Data Block Start
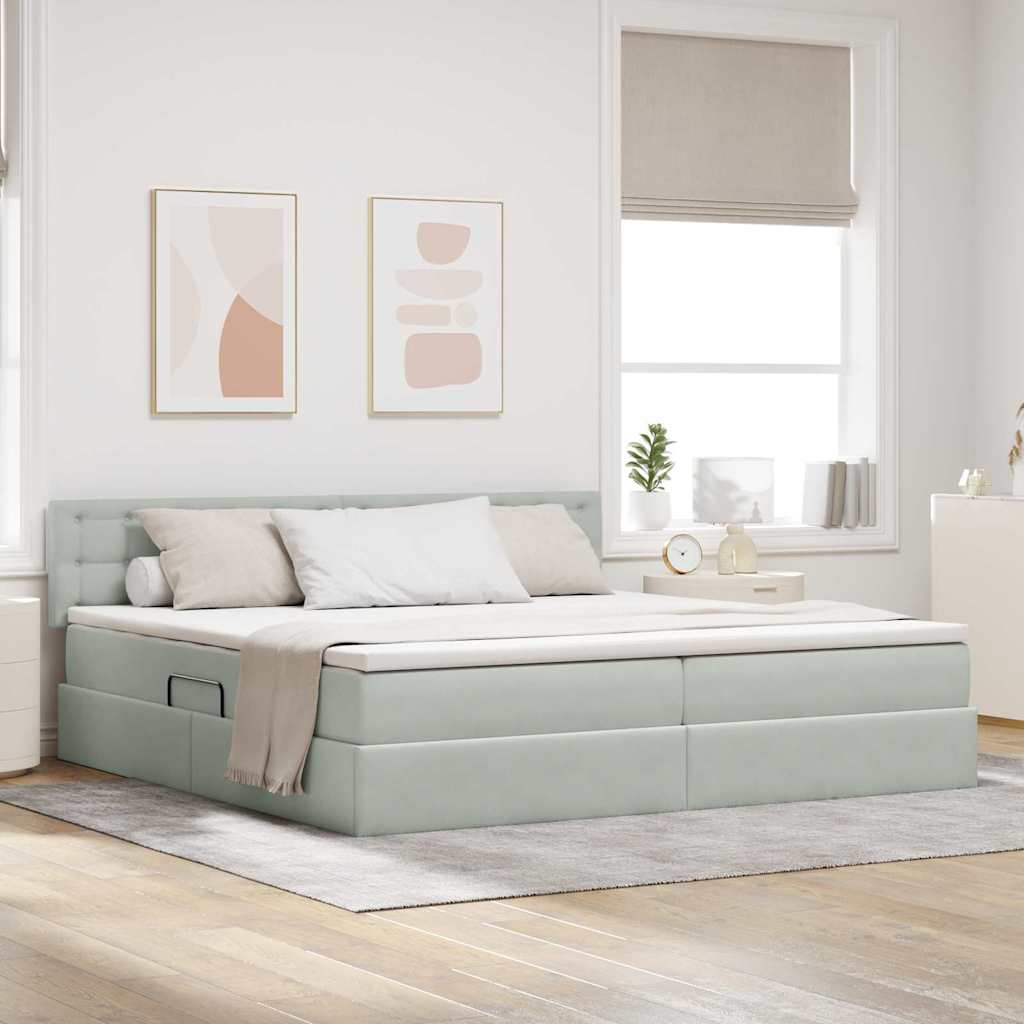 vidaXL Κρεβάτι Αποθήκης με κεφαλάρι Ανοιχτό γκρι 200 x 200 cm Βελούδο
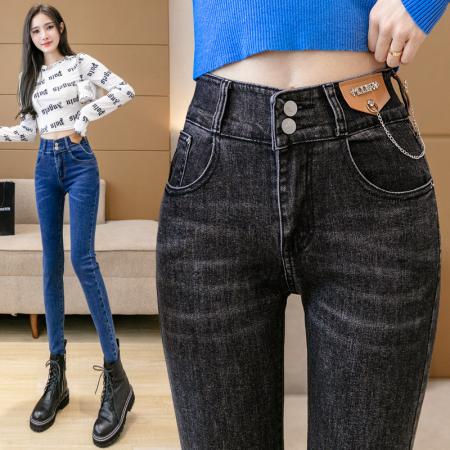 高腰牛仔裤女秋季新款韩版弹力修...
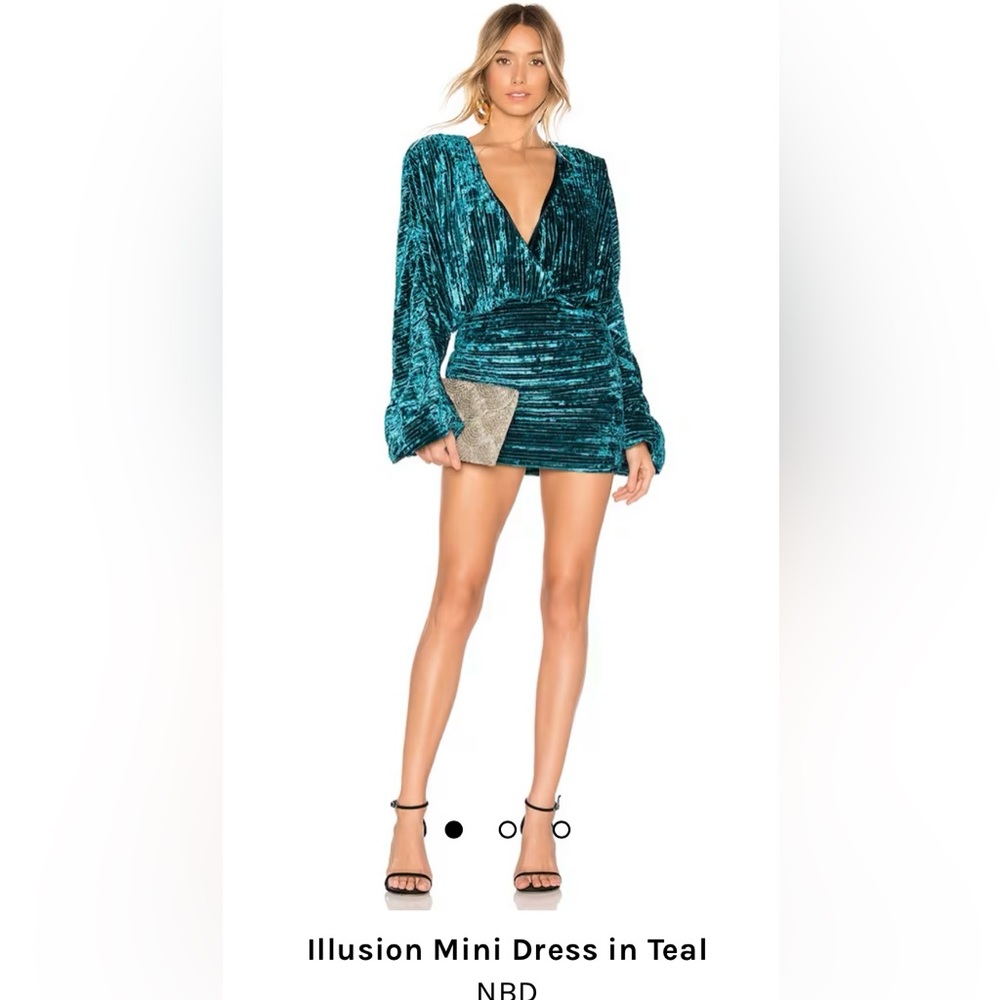 NBD Illusion Mini Dress Teal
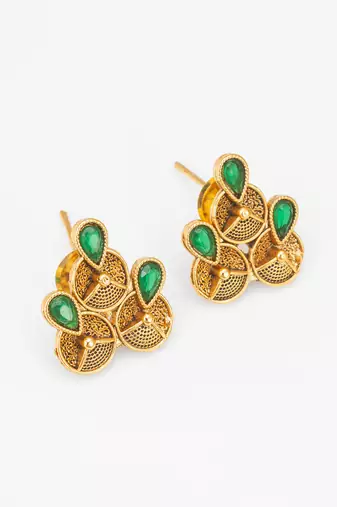 antique gold green stone necklace set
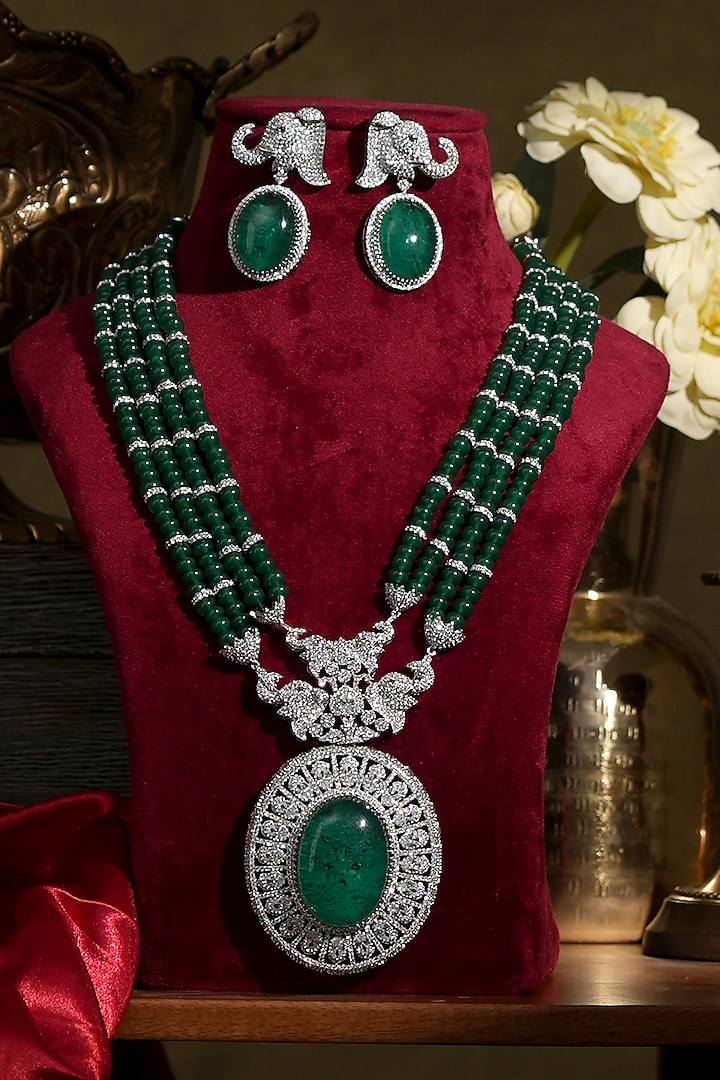 White Finish Diamond & Emerald Necklace Set by Beryachi at Pernia's Pop Up Shop
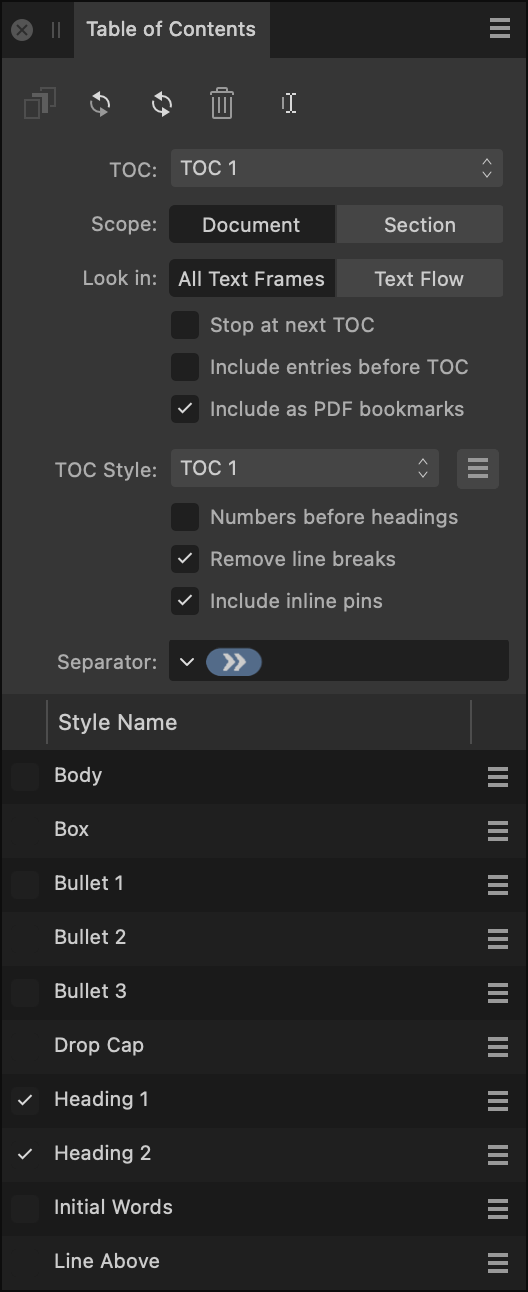 Table of Contents panel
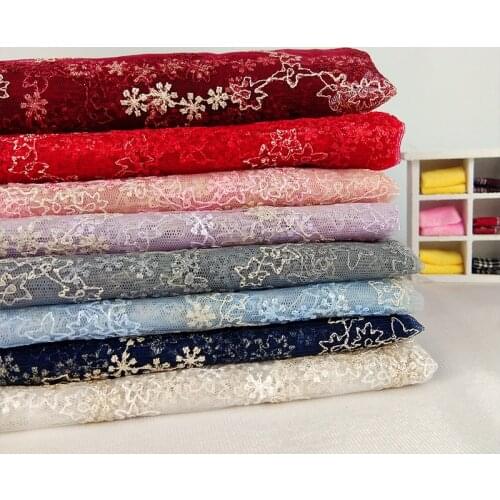 1 Yard vintage Embroidered Lace Fabric Tulle For Womens Dress Clothing Sewing Net French Fabric DIY Lace Trim Lace Material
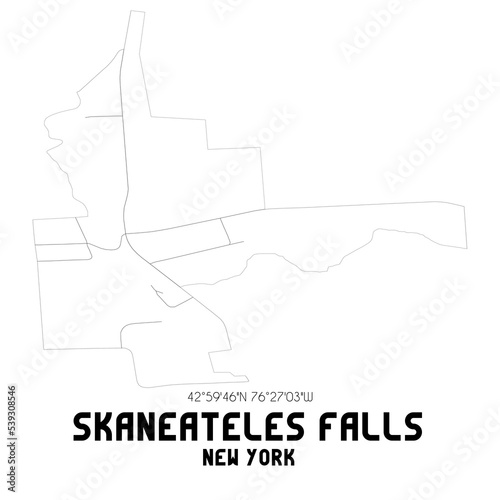 Skaneateles Falls New York. US street map with black and white lines.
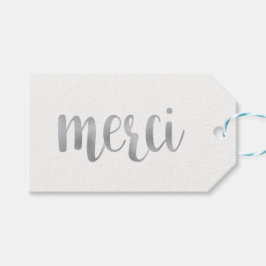シルバー「merci」メッセージカード、ホイル、水平 ギフトタグ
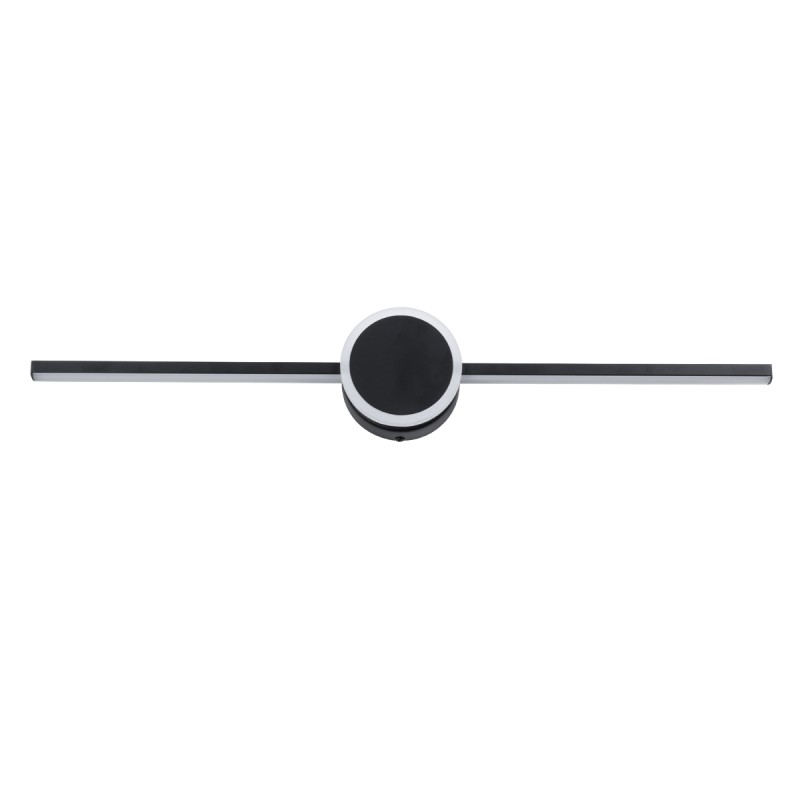 GLOBOSTAR® OPAL 60454 Μοντέρνο Φωτιστικό Τοίχου - Απλίκα Καθρέπτη Μπάνιου LED 14W 1600lm 180° AC 220-240V IP44 Φυσικό Λευκό 4500K - Lumileds SMD Chip & TÜV SÜD Driver - Μαύρο Ματ - Μ60 x Π6 x Υ10cm - 3 Χρόνια Εγγύηση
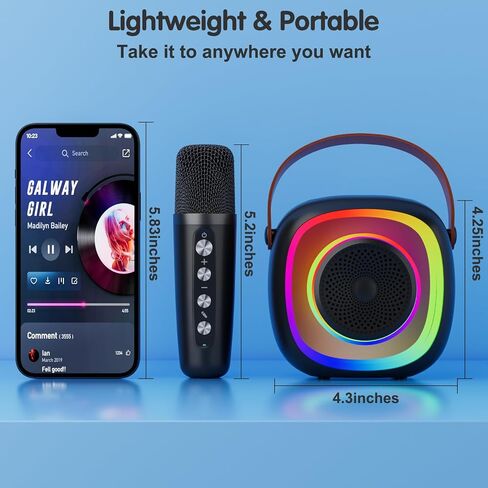 Karaoke Machine for Kids Adults, Portable Bluetooth Speaker with Wireless Microphone and Colorful Lights(Black) in Saudi Arabia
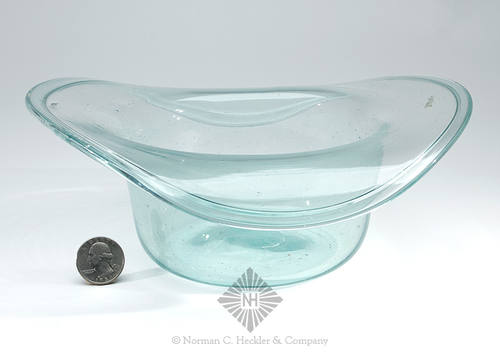 Freeblown Glass Hat Whimsey, Similar in form and construction to GW plate 16, bottom right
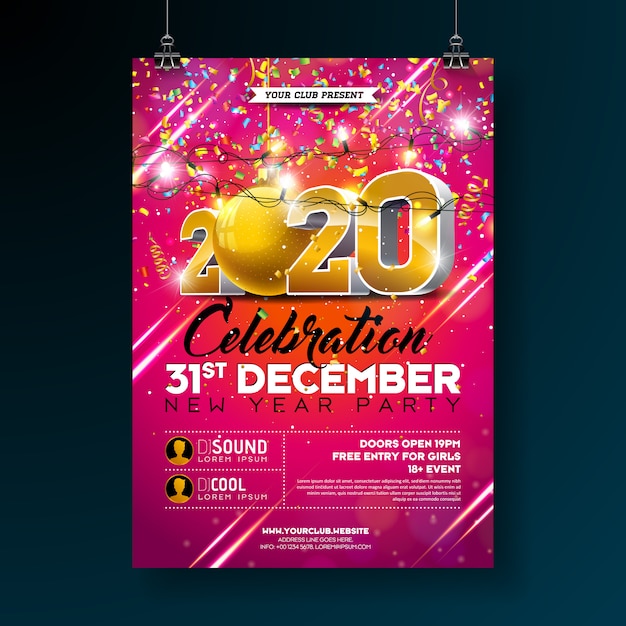 Vecteur gratuit illustration de modèle affiche de célébration fête parti avec illustration du nombre 3d 2020 et chute de confettis colorés sur fond rouge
Data Block End
### Task prompt
Each line from the one holding "Karaoke Machine for" through the last line of the records above must be duplicated exactly, and pictures must not be.

### Answer section
 Karaoke Machine for Kids Adults, Portable Bluetooth Speaker with Wireless Microphone and Colorful Lights(Black) in Saudi Arabia
 Freeblown Glass Hat Whimsey, Similar in form and construction to GW plate 16, bottom right
 Vecteur gratuit illustration de modèle affiche de célébration fête parti avec illustration du nombre 3d 2020 et chute de confettis colorés sur fond rouge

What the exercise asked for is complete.